> Directions: Please set down each of the lines below once more, exactly, omitting all pictures.

╭─ Data provided

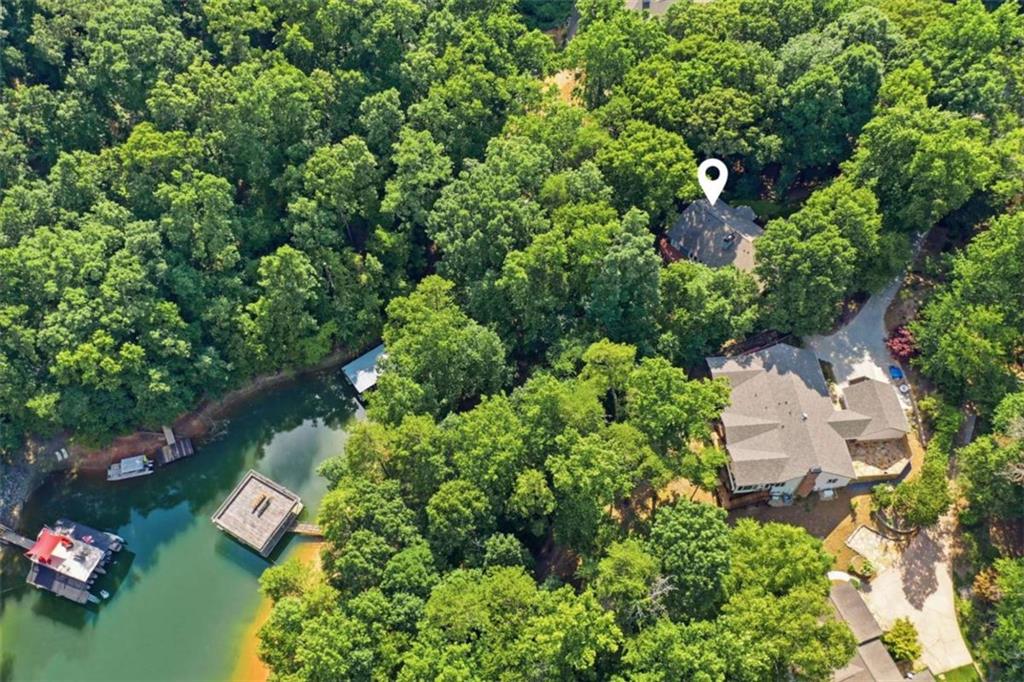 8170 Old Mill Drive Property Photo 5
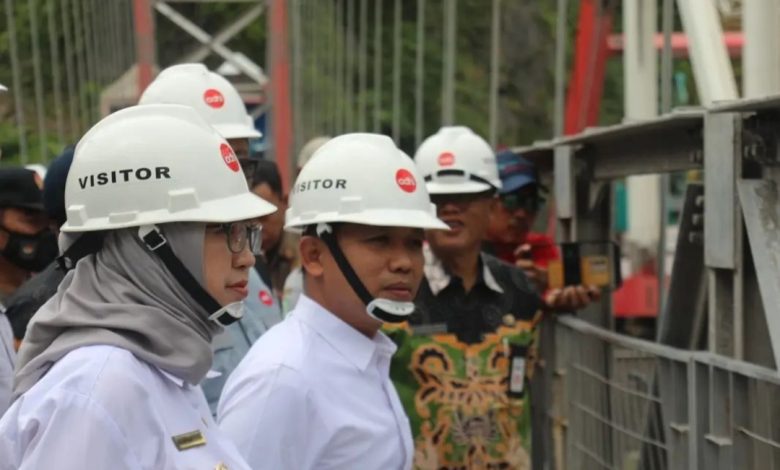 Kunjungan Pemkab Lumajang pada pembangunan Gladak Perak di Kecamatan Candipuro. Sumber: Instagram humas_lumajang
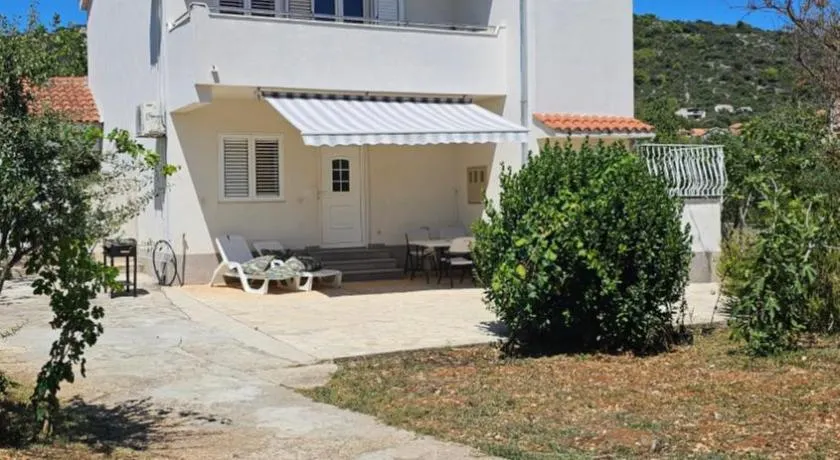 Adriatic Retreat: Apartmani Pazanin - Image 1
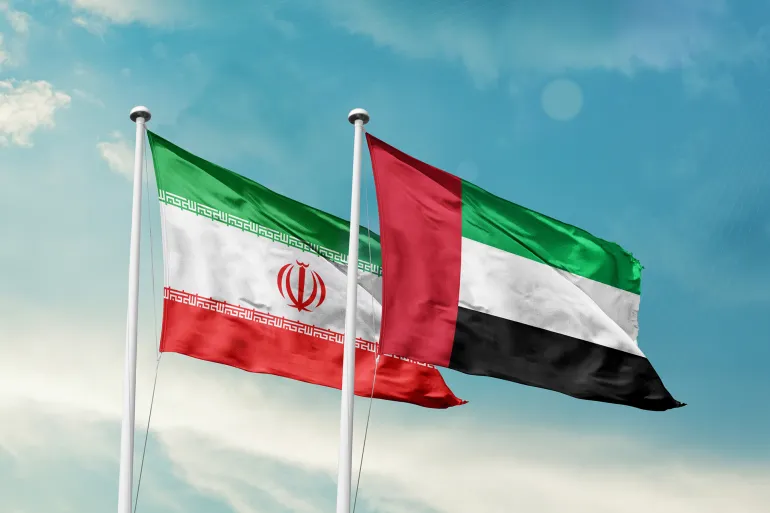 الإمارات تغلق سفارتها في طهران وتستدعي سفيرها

╰─

> Written solution:
 8170 Old Mill Drive Property Photo 5
 Kunjungan Pemkab Lumajang pada pembangunan Gladak Perak di Kecamatan Candipuro. Sumber: Instagram humas_lumajang
 Adriatic Retreat: Apartmani Pazanin - Image 1
 الإمارات تغلق سفارتها في طهران وتستدعي سفيرها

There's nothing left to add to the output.